Como viene siendo ya tradición, debo glosar para mi docena escasa de lectores otro viaje a Madrid, también por cuestiones de salud. No hubo nada de particular, salvo las acostumbradas mozas lustrosas y los cada vez más escasos mendigos, emigrados a latitudes más pingües y fructuosas. Bueno, sí; las enfermeras se toparon con el ya conocido problema de encontrarme la arteria para una gasometría; era cosa de ver a esas mujeres desesperadas pinchándome en los dos brazos, con unas agujas de aquí te espero, en las muñecas y donde el cúbito y radio se unen al húmero. Pero nada; un enfermero viejo, requerido para soluciones extremas, ya amenazaba con buscarme la vena inguinal o femoral, que tantos toreros ha llevado al confuso laberinto, cuando una rubia molona, en un momento de inspiración, encontró el débil pulso de mi Guadiana, acaso enaltecido por la brutalidad de sus encantos, y al fin pude llevar un papel a la oficinera, que era de Ciudad Real, por cierto.

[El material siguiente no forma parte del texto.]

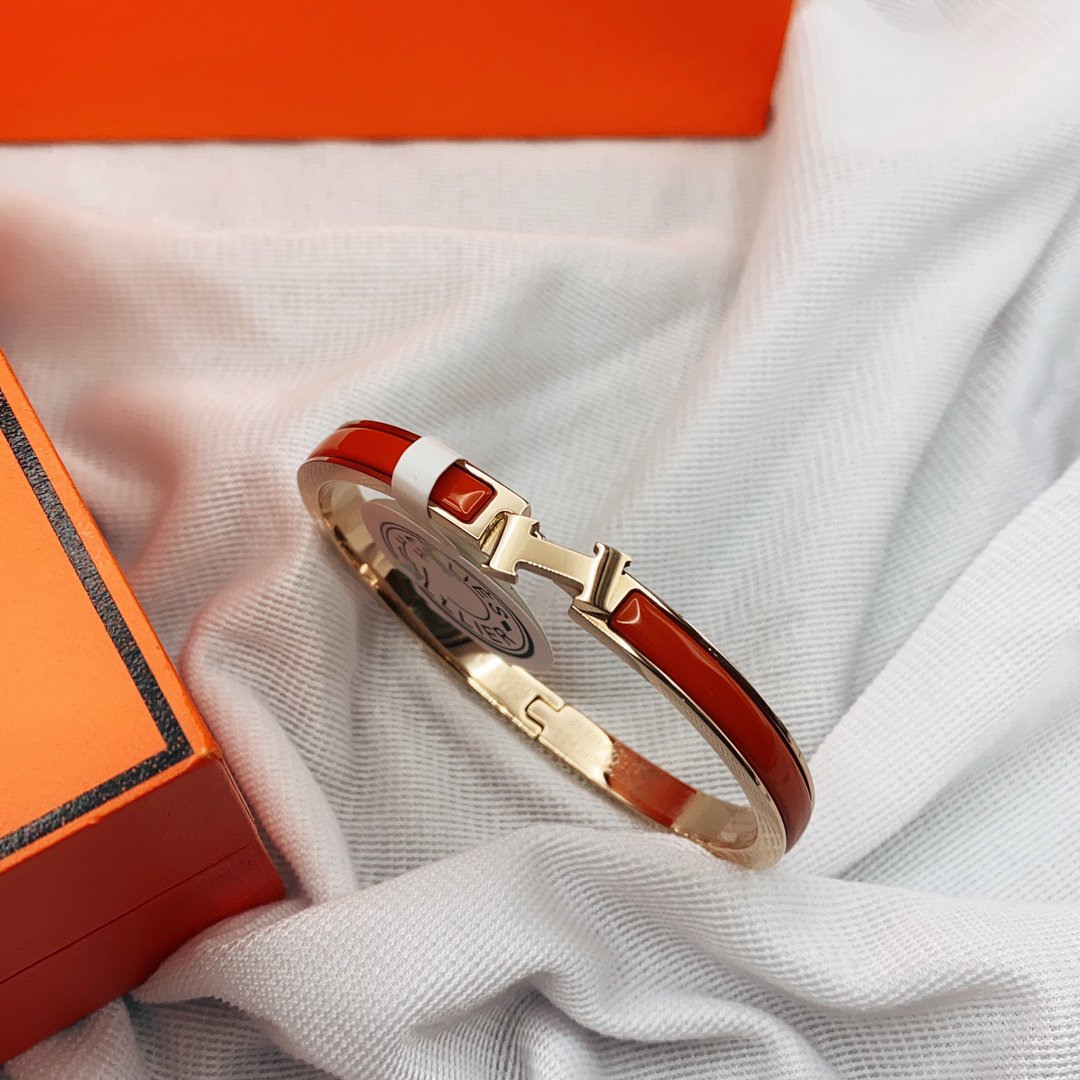 [Lumi Jewels]CLASSIC HM CLIC RED 8MM ENAMEL BRACELET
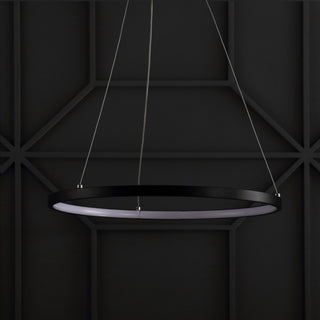 Brice  Modern Contemporary Iron Integrated LED Pendant - JONATHAN Y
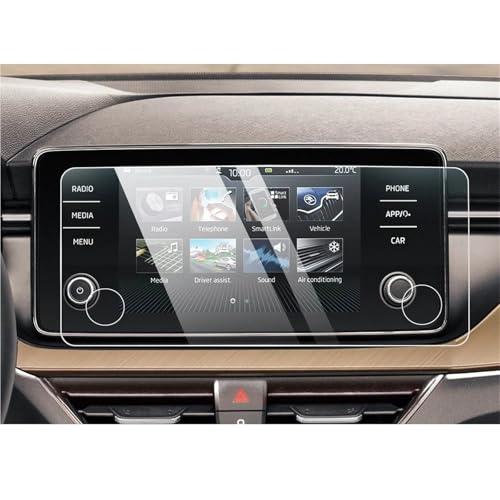 Protection d'écran pour Skoda Kamiq 2020-2023 - Film transparent pour console tactile 8 pouces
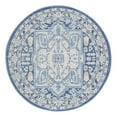 thumbnail image 3 of Unique Loom Whitney Collection Area Rug - Milano (3' 3" Round French Blue/Ivory), 3 of 7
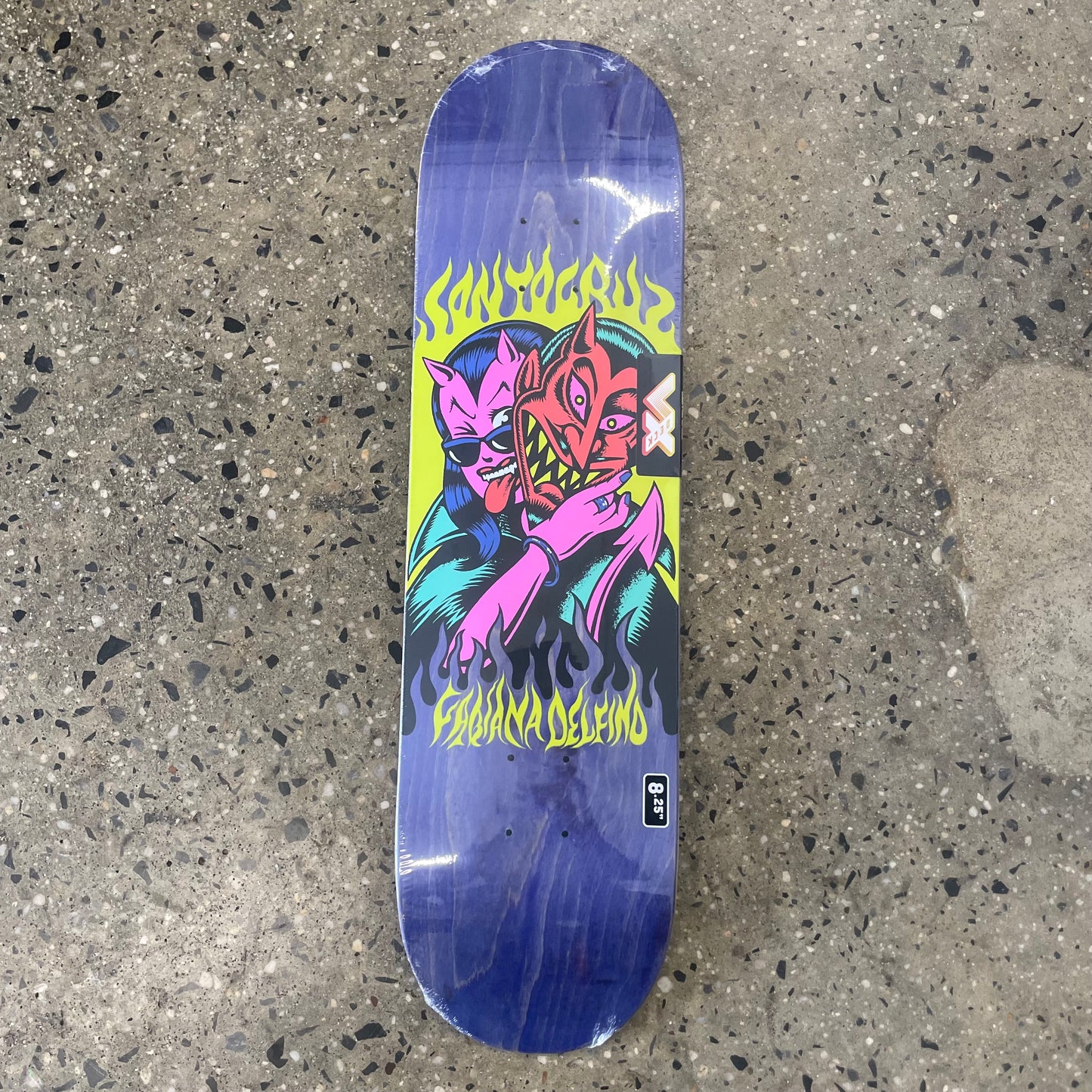 Santa Cruz Fabiana Delfino Devil VX Skateboard Deck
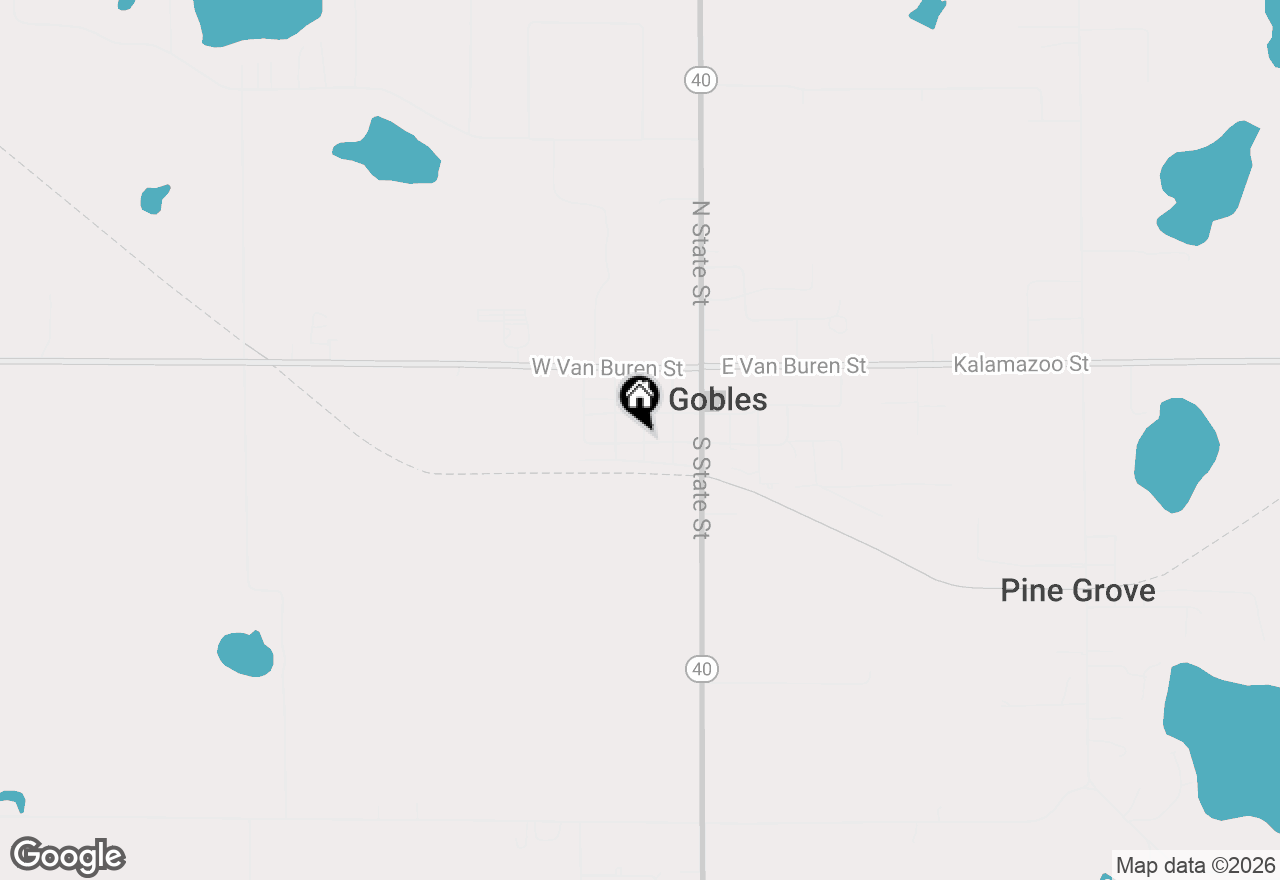 Map of  Glover Street, Gobles, MI 49055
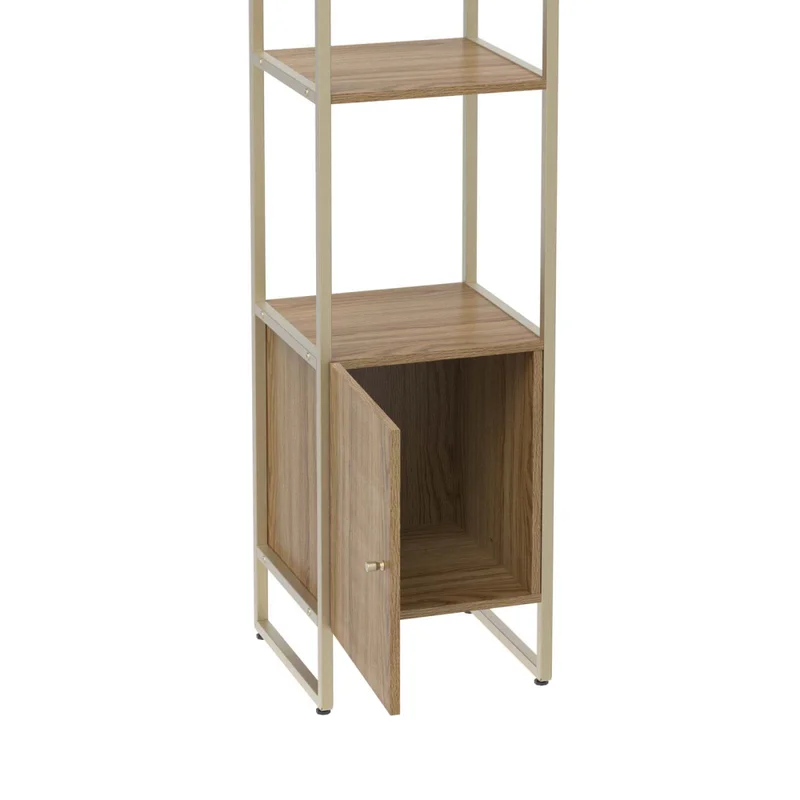 Estantería Mdf-y-metal Voss en Beige - Bibliotecas, Uruguay | Divino, vista 5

Paseé luego en espera de mi tren por los contornos que más me agradan de los aledaños de Atocha. Subí la calle San Pedro, con su tienda de moteros, su peluquería, su ebanista y sus anuncios de Titanlux (siempre que escribo Titanlux acude a mi olfato un inconfundible aroma de droguería). La pensión Retiro (dos palabras que se aman) y los hoteles más cutres del mundo: el Parajas y el México. Vi pasar un cura furtivo entrando en la Sociedad San Vicente de Paúl, cerca de la Costanilla de los desamparados, esa cuesta árida en la que Félix Mejía predijo, y no se equivocó, que íría a pasar sus últimos días. Los restaurantes La vaca Verónica y Milano, este último con el mejor vermouth de grifo; la bodega Fatigas del querer, recorrida por las putonas sidosas de Tirso de Molina; el café Populart; donde toca Yoio Cuesta & The little big band un potaje de blues-flamenco-jazz y otras mixturas. Cruza mientras subo la calle de la Huerta un galgo con más linaje ( y más degenerado) que el de algunos nobles españoles. Hay una tienda de comestibles con un rioja Faustino V y un kistch turrón El Antiguo (calidad suprema).
Descubro en el Callejón de la Huerta una librería especializada en filólogos. No me da tiempo a verla sino por encima. Voy a la Casa del Libro; compro resignado la edición bilingüe de Manuel López Muñoz de Los seis libros de la retórica eclesiástica, o método de predicar, de Fray Luis de Granada, aunque creo que estas cosas no me van a valer de mucho para predicar a los díscolos alumnos de la ESO, nutridos de gorda e insípida teta televisiva. También, de Erasmo, los Recursos de forma y de contenido para enriquecer un discurso. Paso mucha rabia a causa de los libros que la pobreza no me deja adquirir. No tengo tiempo de subirme a la cuesta de Moyano, y me vuelvo a mi rincón manchego, cubierto por esa capa de ceniza nebulosa que tizna a cualquier paseante por las calles de Madrid.